Ah, Umziehen. Klar, nervig und teuer und so. Aber eine leere Wohnung, so viel neuer Raum mit Platz für neue Ideen und neue Möbel und neue Dinge, schon schön. Gleich mal bei etsy gucken, was ich da… Ach nee, stimmt ja, das lässt der Wohnungsmarkt ja mittlerweile gar nicht mehr zu. Obwohl es eigentlich aussah, als würde jetzt alles besser werden – endlich keine leidigen Makler-Gebühren mehr, weil Bestellerprinzip, hurra, zwei Monatsmieten gespart für dieses halsabschneiderische Geschäftsgebahren! Nun bin ich nach 13 Umzügen zwar eine Veteranin, stehe jetzt aber doch sehr unvermittelt vor Nummer 14. Aber gut, wird schon kein Problem sein. Okay, Wohnungen gibt es in erster Linie für solvente Studierende (20qm für 580 Euro kalt) und für solvente Kleinfamilien (70qm für 1650 kalt). Und sicher, heißt man mit Nachnamen Khwakhuzi statt Müller oder Molch oder ist Inhaberin von mehr als einem Kind oder Hund, kann man es eh vergessen (gibt ja auch schöne Wohnungen im Vorort, muss ja nicht jedermann in Ehrenfeld wohnen). Wird schon gut gehen, ich hab mir schließlich brav alle Unterlagen zusammengesucht – eine Kopie des Arbeitsvertrags, eine Kopie des Personalausweises (Vorder- und Rückseite), eine aktuelle Schufa-Auskunft, eine Kopie der letzten drei Gehaltsabrechnungen, eine Mietschuldenfreiheitsbescheinigung meines aktuellen Mieters, eine ausgefüllte Selbstauskunft (Spiele ich ein Instrument?
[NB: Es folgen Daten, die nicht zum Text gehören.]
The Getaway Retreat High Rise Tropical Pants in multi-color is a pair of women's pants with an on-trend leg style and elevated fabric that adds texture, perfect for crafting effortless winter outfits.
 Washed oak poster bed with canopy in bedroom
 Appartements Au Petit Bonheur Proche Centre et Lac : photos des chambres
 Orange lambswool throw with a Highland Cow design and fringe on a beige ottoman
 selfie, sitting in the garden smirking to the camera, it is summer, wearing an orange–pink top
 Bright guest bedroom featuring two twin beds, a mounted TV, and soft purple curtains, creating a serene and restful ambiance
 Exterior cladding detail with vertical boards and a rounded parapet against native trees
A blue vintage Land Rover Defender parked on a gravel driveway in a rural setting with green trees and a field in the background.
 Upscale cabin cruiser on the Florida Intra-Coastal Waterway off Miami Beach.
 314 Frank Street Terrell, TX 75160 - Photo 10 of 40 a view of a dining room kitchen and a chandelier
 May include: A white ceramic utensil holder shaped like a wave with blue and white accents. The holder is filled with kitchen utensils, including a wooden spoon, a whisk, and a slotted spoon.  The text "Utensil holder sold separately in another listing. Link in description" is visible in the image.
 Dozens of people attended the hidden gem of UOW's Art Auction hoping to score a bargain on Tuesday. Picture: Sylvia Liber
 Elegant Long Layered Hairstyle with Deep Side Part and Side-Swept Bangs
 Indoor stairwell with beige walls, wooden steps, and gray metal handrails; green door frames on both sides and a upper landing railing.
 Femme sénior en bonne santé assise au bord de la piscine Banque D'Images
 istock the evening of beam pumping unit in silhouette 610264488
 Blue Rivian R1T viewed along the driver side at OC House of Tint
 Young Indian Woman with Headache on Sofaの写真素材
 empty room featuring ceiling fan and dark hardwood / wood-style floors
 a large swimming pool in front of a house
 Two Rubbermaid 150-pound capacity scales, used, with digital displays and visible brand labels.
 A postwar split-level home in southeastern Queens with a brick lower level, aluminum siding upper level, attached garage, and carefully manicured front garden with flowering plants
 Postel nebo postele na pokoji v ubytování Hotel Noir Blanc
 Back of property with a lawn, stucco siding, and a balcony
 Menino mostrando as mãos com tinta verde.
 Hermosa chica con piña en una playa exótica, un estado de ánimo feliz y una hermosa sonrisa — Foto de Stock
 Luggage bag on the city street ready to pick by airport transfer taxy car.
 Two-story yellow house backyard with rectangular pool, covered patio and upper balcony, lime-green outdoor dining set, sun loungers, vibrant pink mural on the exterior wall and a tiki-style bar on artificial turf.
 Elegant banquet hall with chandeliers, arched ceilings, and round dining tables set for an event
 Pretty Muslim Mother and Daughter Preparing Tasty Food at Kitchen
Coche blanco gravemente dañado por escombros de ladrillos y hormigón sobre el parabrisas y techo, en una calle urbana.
Rauche ich? Wie lautet die Telefonnummer meines aktuellen Vermieters? Seit wann bin ich bei meinem Arbeitgeber beschäftigt? Plane ich, mir ein Tier anzuschaffen? Besitze ich Vermögen in Geldwerten oder gar Immobilien?). Okay, das System ist zwar unmenschlich, aber berechenbar. Womit ich nicht gerechnet hatte: die verfickten Möbeldrücker! Was ist denn da los? Und wann ist das passiert? Und wem kann ich dafür aufs Maul hauen?
Ich zitiere aus einer beliebigen Anzeige: Lisa und Paul suchen „einen Nachmieter, der einen Großteil unserer Möbel übernehmen möchte. Für die Möbel möchten wir 3.500 Euro haben“ Beigefügt eine Liste, viel Ikea (Expedit und Pax), benutzte Teppiche und Badezimmerunterschränke, eine hochwertige Einbauküche. Die glücklichen Mieter einer Altbauwohnung im Agnesviertel wollen gleich 5.000 Euro von mir, dafür soll ich ihren ganzen alten Schrott entsorgen, äh, abkaufen (inklusive einer weiteren hochwertigen Einbauküche). Bei manchen Besichtigungen bekomme ich sofort eine praktische Liste ausgehändigt mit allen zu übernehmenden Möbeln: Vorhänge 50 Euro, Wohnzimmertisch 70 Euro, Ledersofa 100 Euro, Hochbett mit Matratze 1.500 Euro. Die Liste soll ich unterschreiben, und nur dann werden meine Daten dem Vermieter weitergeleitet. Und wenn ich nicht zahle, kommt der Anwalt, weil ist ja VERTRAG! Zieht denn niemand mehr mit seinem eigenen Scheiß um? Also, ich zum Beispiel möchte weder in einer hochwertigen Einbauküche, noch in einer weißen MDF-Ikea-Landschaft wohnen. Hätte ich 5000 Euro übrig, um sie auf dem Sperrmüll zu verbraten, könnte ich ja gleich in meiner alten Wohnung bleiben, die ist wenigstens nicht mit weißem Plastikzeugs gefüllt. Ach, ich wünsche mir fast die Makler zurück! Mit zwei Monatsmieten kann ich leben, muss ich immerhin die nächsten Jahre nicht auf einer ranzigen Ikea-Matratze fristen, die schon von Dutzenden Fremder eingepupt wurde. Boah, bin ich wütend! Und welchen Schrott musstet ihr so euren Vormietern „abkaufen“?
PS: Wer weiß eine schöne Zweizimmerwohnung mit Balkon in Köln für mich? Euren Pax-Schrank könnt ihr gerne behalten.